Exercise aim:
Every record below must be returned word for word, with the pictures left out.

───── Records to process

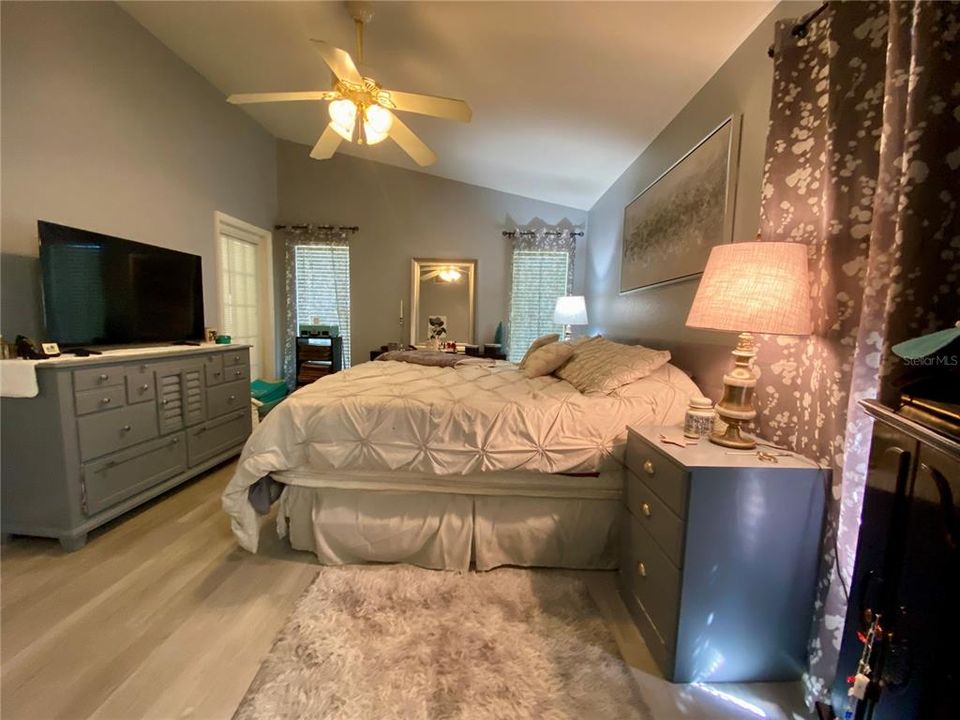 En Venta: $242,000 (2 camas, 2 baños, 1385 Pies cuadrados)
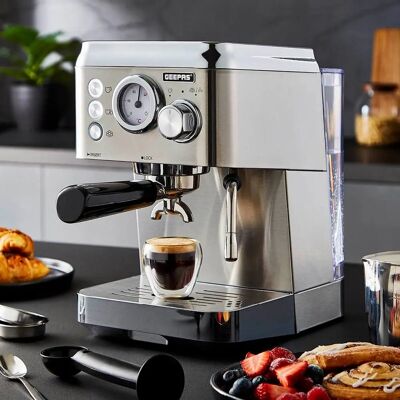 Geepas - Espresso Cappuccino Machine - 1.8L Tank - Milk Frother Geepas - Espresso Cappuccino Machine - 1.8L Tank - Milk Frother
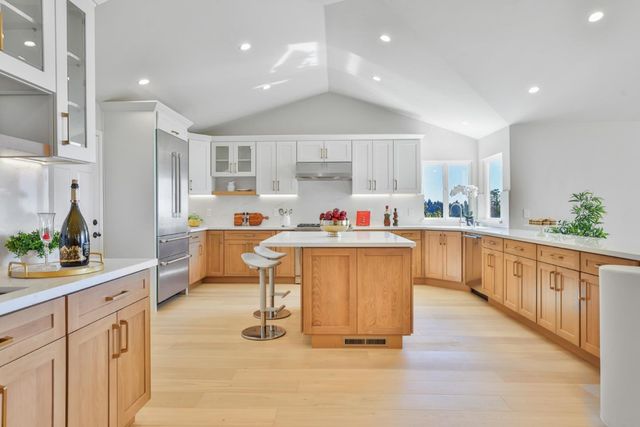 15 Serramar Drive, Oakland, CA 94611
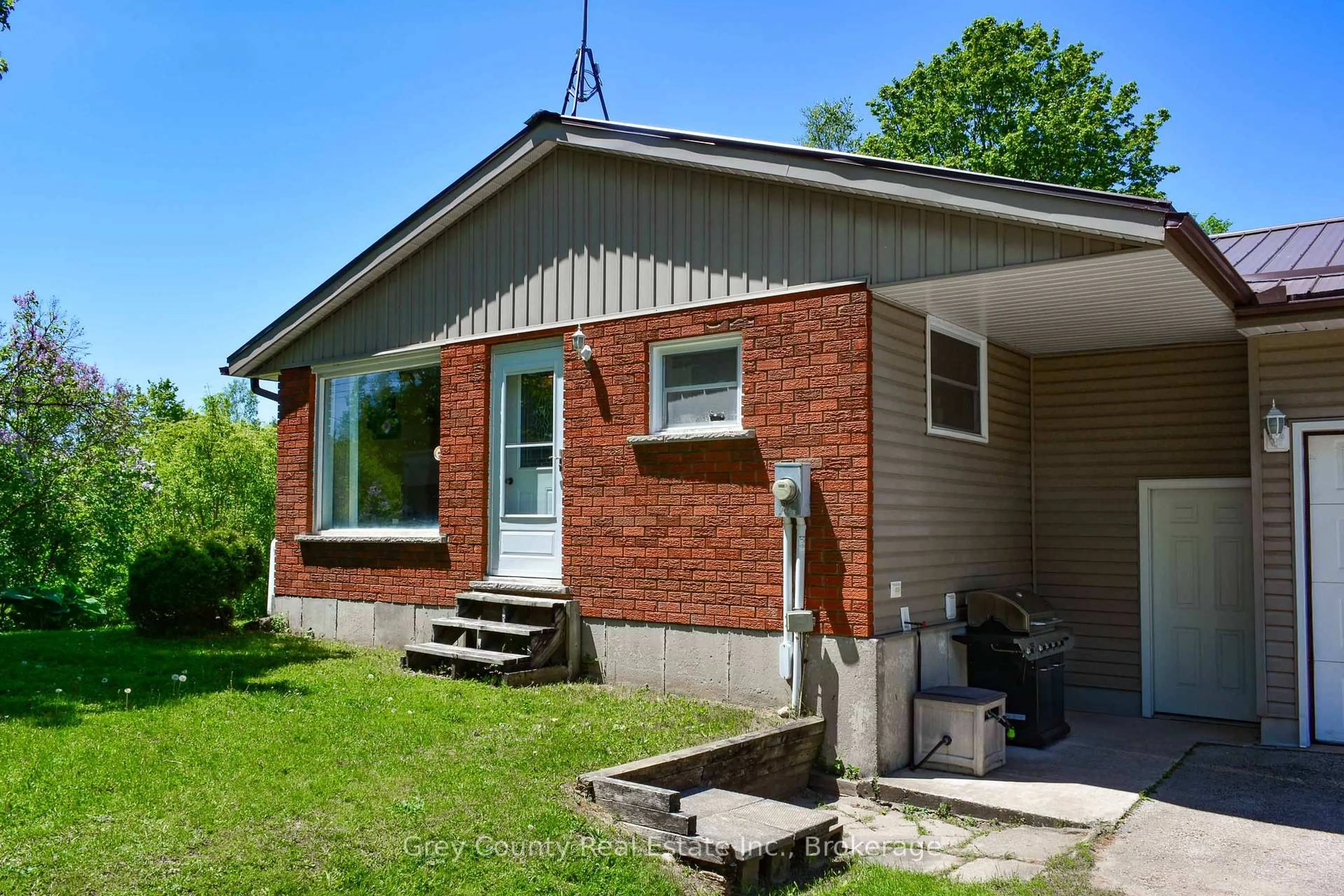 Home with brick exterior material, building for 580293 Sideroad 60 Sdrd, Chatsworth Ontario N0H 1C0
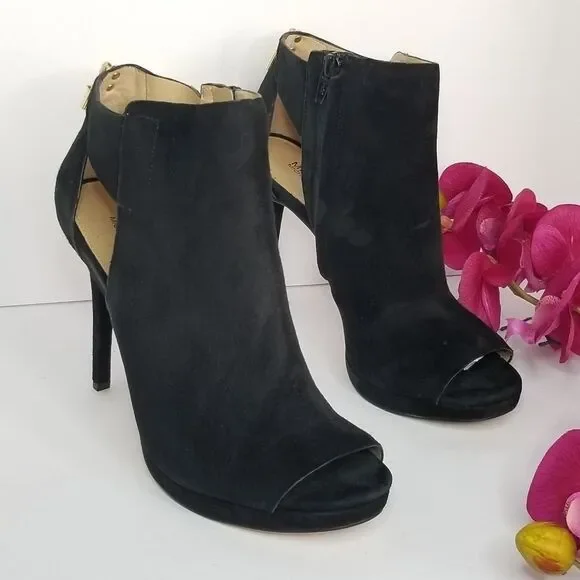 COPY - 🆕️Michael Chic Black Booties - Picture 3 of 10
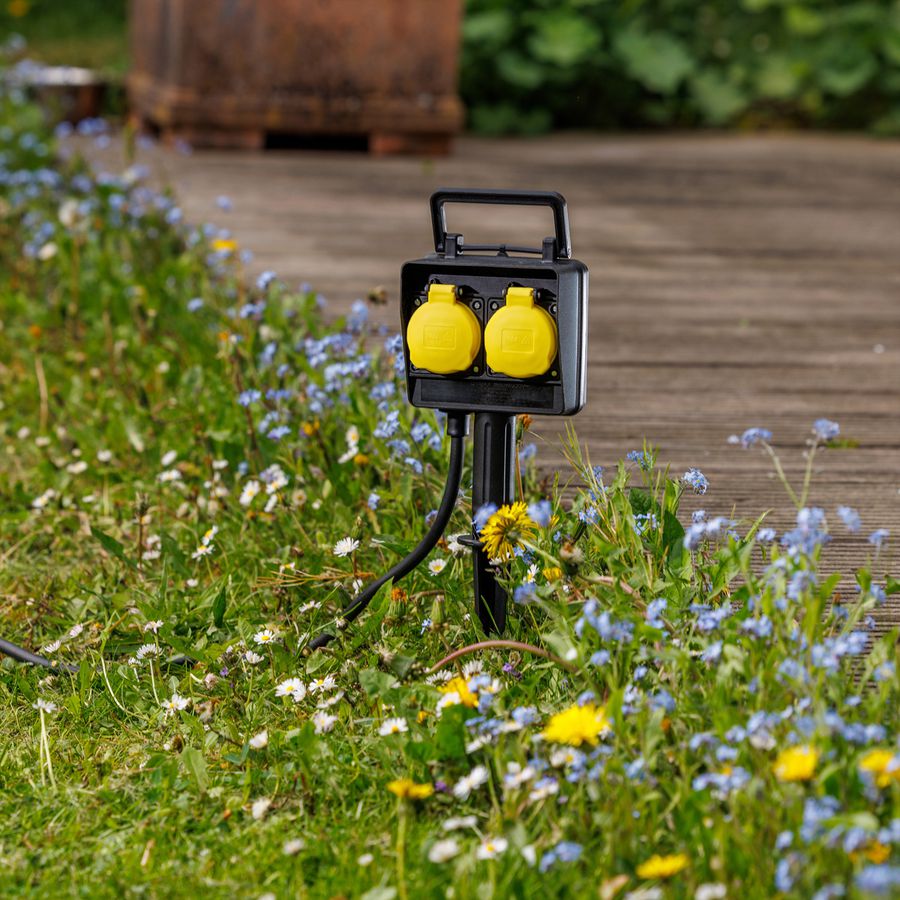 BACHMANN garden socket outlet with ground spike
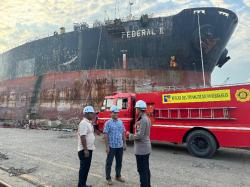 Empat Tewas, Empat Kritis dalam Kebakaran Kapal Tanker di Galangan Kapal Batam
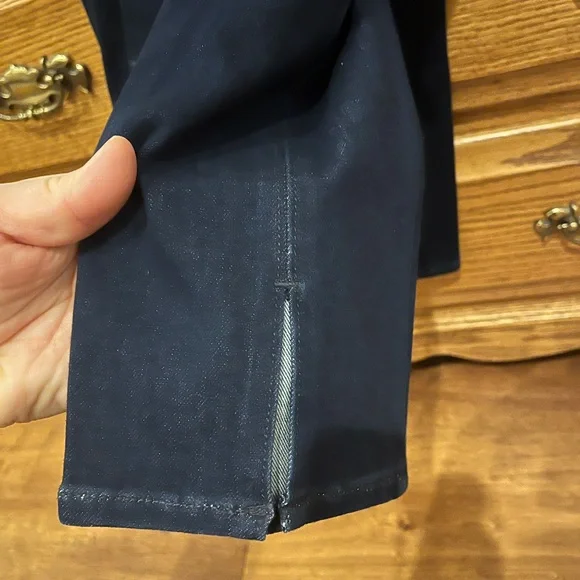 Beautiful Chicos pull on jeggings nwt. Size 8R - Picture 4 of 4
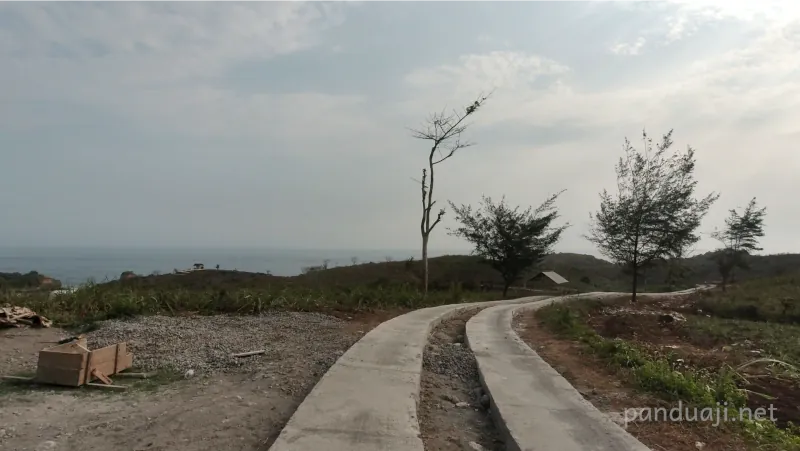 jalan-pudak jalan ke Pantai Pudak, Puncak Songgo Langit dan Pantai Selok Dadap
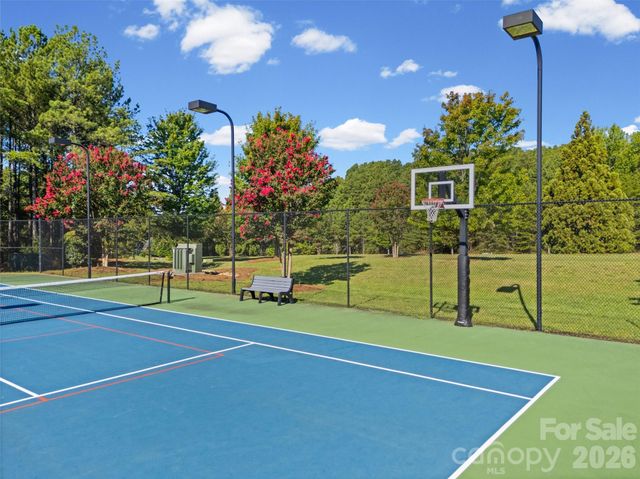 2117 Wood Clough Court 341, Belmont, NC 28012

──────────

The answer:
 En Venta: $242,000 (2 camas, 2 baños, 1385 Pies cuadrados)
 Geepas - Espresso Cappuccino Machine - 1.8L Tank - Milk Frother Geepas - Espresso Cappuccino Machine - 1.8L Tank - Milk Frother
 15 Serramar Drive, Oakland, CA 94611
 Home with brick exterior material, building for 580293 Sideroad 60 Sdrd, Chatsworth Ontario N0H 1C0
 COPY - 🆕️Michael Chic Black Booties - Picture 3 of 10
 BACHMANN garden socket outlet with ground spike
 Empat Tewas, Empat Kritis dalam Kebakaran Kapal Tanker di Galangan Kapal Batam
 Beautiful Chicos pull on jeggings nwt. Size 8R - Picture 4 of 4
 jalan-pudak jalan ke Pantai Pudak, Puncak Songgo Langit dan Pantai Selok Dadap
 2117 Wood Clough Court 341, Belmont, NC 28012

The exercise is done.